* **INFORMATION SHOWN**:
━━━━━━

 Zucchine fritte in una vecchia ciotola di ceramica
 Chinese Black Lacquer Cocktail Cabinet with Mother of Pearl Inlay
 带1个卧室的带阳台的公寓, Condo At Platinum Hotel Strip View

━━━━━━

Write the whole of the data out again exactly as it stands.

* **RESPONSE FOR THIS EXERCISE**:
 Zucchine fritte in una vecchia ciotola di ceramica
 Chinese Black Lacquer Cocktail Cabinet with Mother of Pearl Inlay
 带1个卧室的带阳台的公寓, Condo At Platinum Hotel Strip View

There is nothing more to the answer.